Артефакты поздней сталинской культуры принудили Евгения Добренко к титаническому, энциклопедическому труду, он преодолел множество прозаических и поэтических произведений, пьес, отсмотрел фильмы, реконструировал спектакли. И провел настоящую детективную работу: исходные данные, поначалу очевидные, обрастали микроскопическими деталями и меняли саму структуру пазла.
Вот, например, краснодонское молодежное подполье, описанное Александром Фадеевым в «Молодой гвардии» с массой фактических ошибок. Разгребали их еще в 1990-е, хотя сразу после публикации романа в 1946 году выехавшие на места событий из Москвы командированные фиксировали радикальное расхождение между реальностью и литературным текстом. Но дать задний ход государственная машина не могла. «Молодая гвардия» стала важным винтиком сложного пропагандистского механизма, возникшего еще до первой публикации романа в «Комсомольской правде». Поэты посвящали «Молодой гвардии» стихи, о ней писали журналисты, а на стадии рукописи Сергей Герасимов репетировал со студентами спектакль, ставший популярным, из него вырос фильм. На кинопросмотре до Сталина и членов Политбюро дошло, чего не хватает в романе: руководящей роли партии. Так возник наказ: создать новые версии книги и фильма. Сказано — сделано, хотя первая версия романа была не меньшим событием.

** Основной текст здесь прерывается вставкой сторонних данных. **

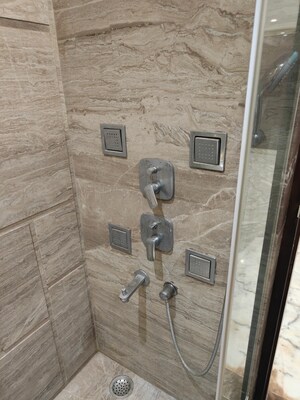 Bathroom in 5 BHK Builder Floor at Model Town Phase 1 – for Rent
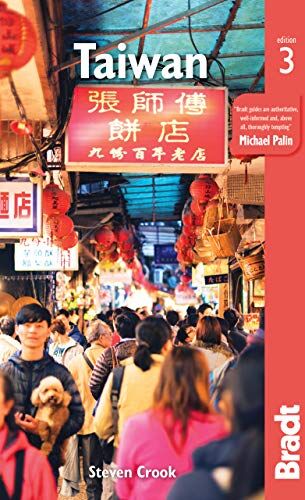 Steven Crook - Taiwan (Bradt Travel Guide) - Preis vom 09.10.2026 07:28:09 h
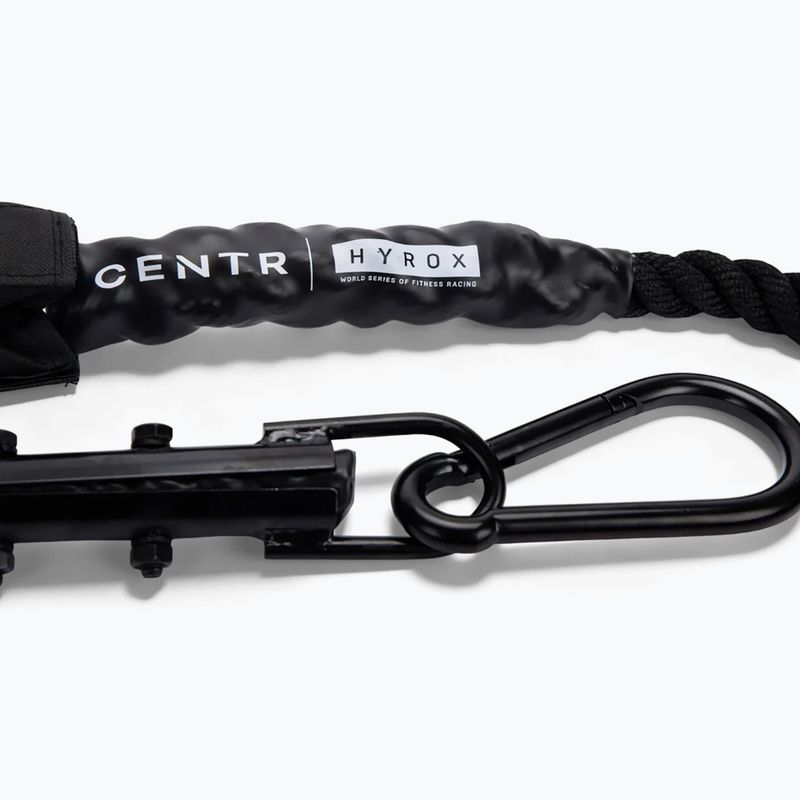 Lina treningowa Centr Competition Pull Rope Youngstars Centr x Hyrox black 4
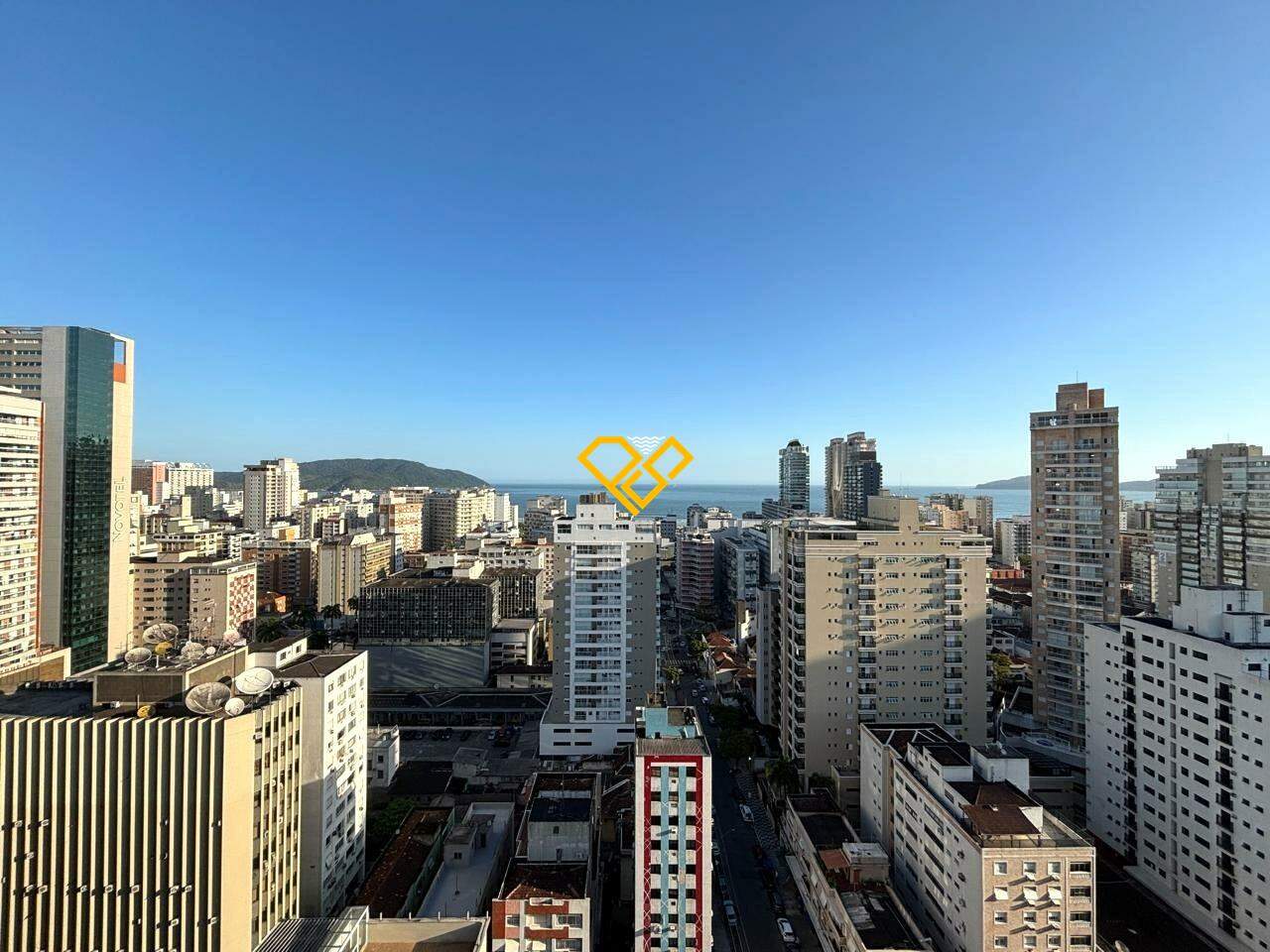 Apartamento para aluguel no Gonzaga: Vista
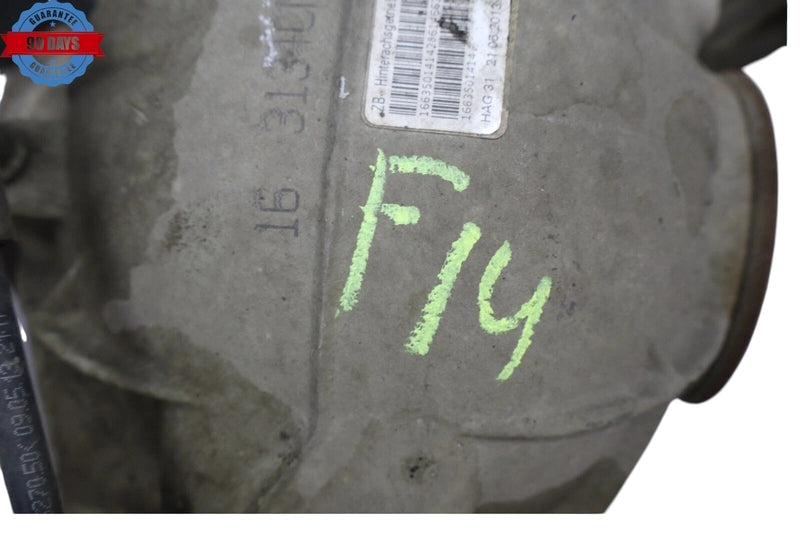 Load image into Gallery viewer, 12-19 Mercedes GL550 GL450 Rear Differential Diff Axle Carrier 3.46 Oem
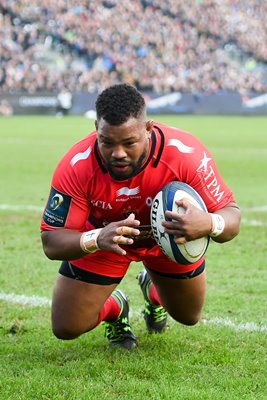 Steffon Armitage Toulon scores v Bath European Cup 2016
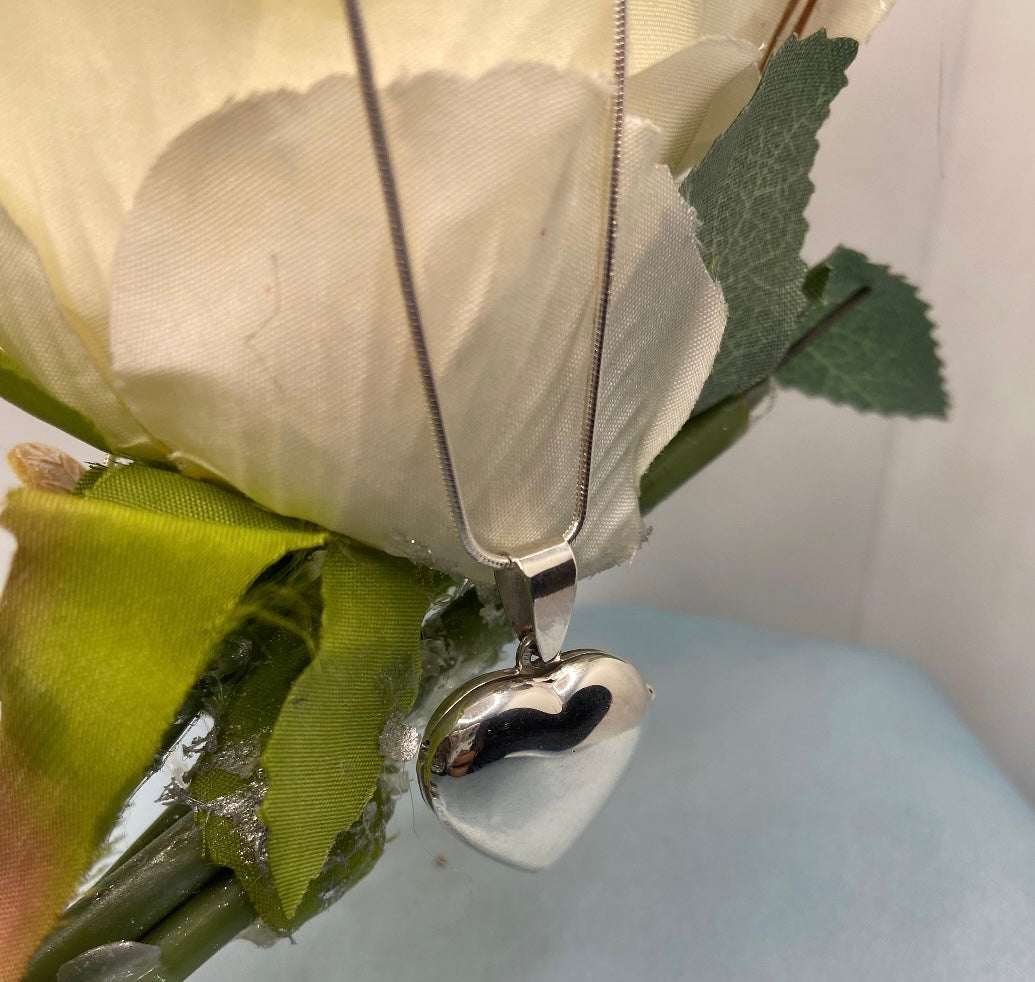 Openable Heart Pendant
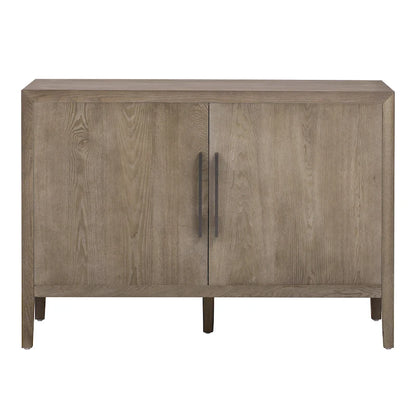 47 Vintage Style Wood Kitchen Accent Buffet Sideboard Cabinet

Все искусство в сталинское время было борьбой — за лучшее завтра, наступающее уже сегодня. Рассказ о научно-фантастической прозе 1940-х у Добренко завершается цитатой из редакционной статьи академического журнала «Биохимия», там славится академик Трофим Лысенко и ближайшее будущее сельского хозяйства — виноградники в центральной полосе, цветущие поля в Заполярье. О перемене климата тогда даже не догадывались, зато верили в «усилия мысли». Историю науки в СССР переписывали радикально, почти все важнейшие изобретения человечества оказались вдруг русского происхождения, если это невозможно было доказать с помощью логики, в ход шли аргументы криминального характера — значит, изобретение украли.
Изоляционизм стал частью культуры. Если не талант, то мастеровитость многих авторов «обслуживающей культуры» не вызывает сомнений, чего, конечно, не скажешь о правдивости их текстов. Официальное признание при жизни обернулось для многих из них скорым забвением. Сами авторы увидели бы в этом признак очередного заговора — излюбленного сюжета позднего сталинизма.
Фильмы тоже воссоздавали атмосферу заговоров, недоверия к русским ученым, подписи к кадрам из лент-биографий конца 1940-х, посвященных Александру Попову, Николаю Пирогову и его тезке Миклухо-Маклаю, однотипны: «заговор против…» — изобретателя в Лондоне, медика из Петербурга, этнографа в Сиднее. Запад «преследовал» русских интеллектуалов всюду. Пьеса Всеволода Иванова «Ломоносов» (1953) описывает бесконечные дрязги русского самородка с завистливыми иностранцами в столичной Академии наук. Недруга из немцев заставляют читать вслух письмо великого Леонарда Эйлера, тот хвалит Ломоносова, что звучит иронично: похвала русской науке одним иноземцем отменяет скепсис другого, так, по Добренко, проявляется «основной парадокс внедрявшегося в ходе борьбы за русские приоритеты советского национализма, соединявшего комплекс превосходства с комплексом неполноценности».
Эстетика предзакатного сталинизма жила еще долго, обернувшись в итоге блистательным синтезом в недооцененном фильме Алексея Германа «Хрусталев, машину», о нем автор тоже пишет. Во многом эта эстетика сохранилась — в форме госзаказов, в природе оценок, в определяющей роли сюжета при финансировании проекта. В финале Добренко пишет, что «по своей политической культуре, ментальному профилю, практикам повседневности и исторической памяти современное российское общество в целом — все та же советская нация, основные параметры которой окончательно сложились в эпоху позднего сталинизма», различаются лишь его модификации. Тезис мог бы, наверное, породить дискуссии, но, известное дело, немцы мешают.